TASK TO CARRY OUT: Could you print all of the data below again, exactly?
***** GIVEN DATA
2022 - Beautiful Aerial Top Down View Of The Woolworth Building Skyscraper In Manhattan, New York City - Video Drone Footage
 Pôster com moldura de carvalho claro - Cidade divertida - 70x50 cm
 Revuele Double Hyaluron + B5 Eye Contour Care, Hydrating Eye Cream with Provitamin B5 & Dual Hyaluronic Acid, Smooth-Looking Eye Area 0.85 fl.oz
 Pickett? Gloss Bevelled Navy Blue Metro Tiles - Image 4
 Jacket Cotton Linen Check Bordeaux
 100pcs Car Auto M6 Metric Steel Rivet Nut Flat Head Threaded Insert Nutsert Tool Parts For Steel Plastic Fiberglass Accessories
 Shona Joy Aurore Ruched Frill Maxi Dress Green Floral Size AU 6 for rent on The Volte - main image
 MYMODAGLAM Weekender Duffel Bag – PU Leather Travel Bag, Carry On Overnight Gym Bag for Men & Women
**********
RESPONSE TO THE TASK:
2022 - Beautiful Aerial Top Down View Of The Woolworth Building Skyscraper In Manhattan, New York City - Video Drone Footage
 Pôster com moldura de carvalho claro - Cidade divertida - 70x50 cm
 Revuele Double Hyaluron + B5 Eye Contour Care, Hydrating Eye Cream with Provitamin B5 & Dual Hyaluronic Acid, Smooth-Looking Eye Area 0.85 fl.oz
 Pickett? Gloss Bevelled Navy Blue Metro Tiles - Image 4
 Jacket Cotton Linen Check Bordeaux
 100pcs Car Auto M6 Metric Steel Rivet Nut Flat Head Threaded Insert Nutsert Tool Parts For Steel Plastic Fiberglass Accessories
 Shona Joy Aurore Ruched Frill Maxi Dress Green Floral Size AU 6 for rent on The Volte - main image
 MYMODAGLAM Weekender Duffel Bag – PU Leather Travel Bag, Carry On Overnight Gym Bag for Men & Women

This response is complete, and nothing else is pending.